子孫繁栄や五穀豊穣(ほうじょう)を願う福井県美浜町新庄の奇祭「八朔(はっさく)祭」が9月1日、区内で行われた。男性のシンボルを模した神棒を持った天狗(てんぐ)が5年ぶりに登場し、見物客の女性をつついて回った。
数百年前から伝わる伝統行事で、つつかれた女性は子宝に恵まれるとされる。新型コロナウイルス感染拡大や人口減少、高齢化に伴い、2020~23年は神事のみに。今年は樽神輿(たるみこし)を担ぐ住民の制限をなくすなどし、通常開催にこぎつけた。
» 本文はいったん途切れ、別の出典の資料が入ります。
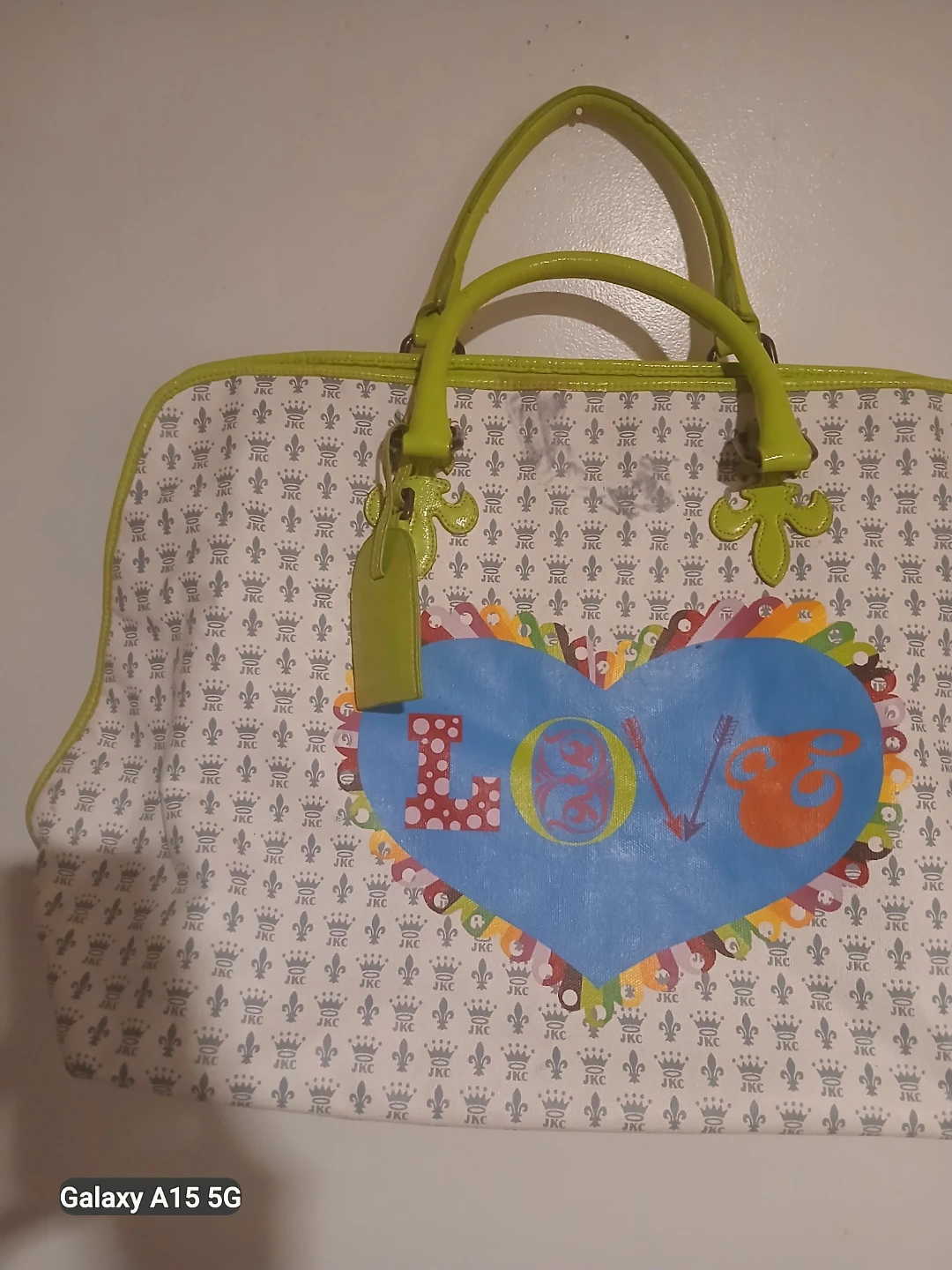 J K C LOVE Heart Tote Bag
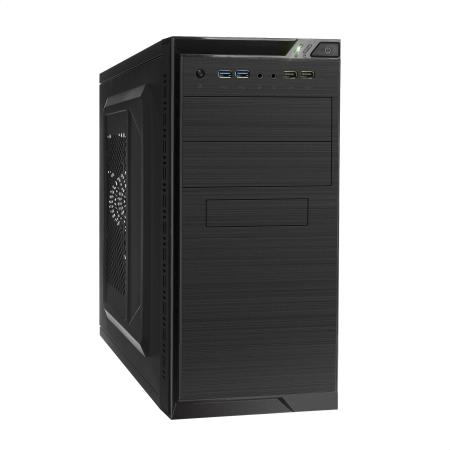 Корпус Minitower ExeGate QA-412U-UNS400 (mATX, БП UNS400 с вент. 12см, 2*USB+2*USB3.0, аудио, черный)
区内で東西に分かれ、東字は午前10時半ごろに行列が田代公会堂を出発。笛と太鼓ではやしを奏でながら日吉神社へ向かって歩き、樽を奉納した。露払い役の天狗は長さ約50センチの神棒を袖に隠し持ち、女性を見つけると全速力で追いかけ、つついた。
西字は午後に八朔音頭を歌いながら樽神輿をかついで練り歩き、天狗も登場。日吉神社で樽を奉納した。区長は「祭りはやっぱりいいもの。集落が盛り上がり、にぎわいにつながった」と笑顔だった。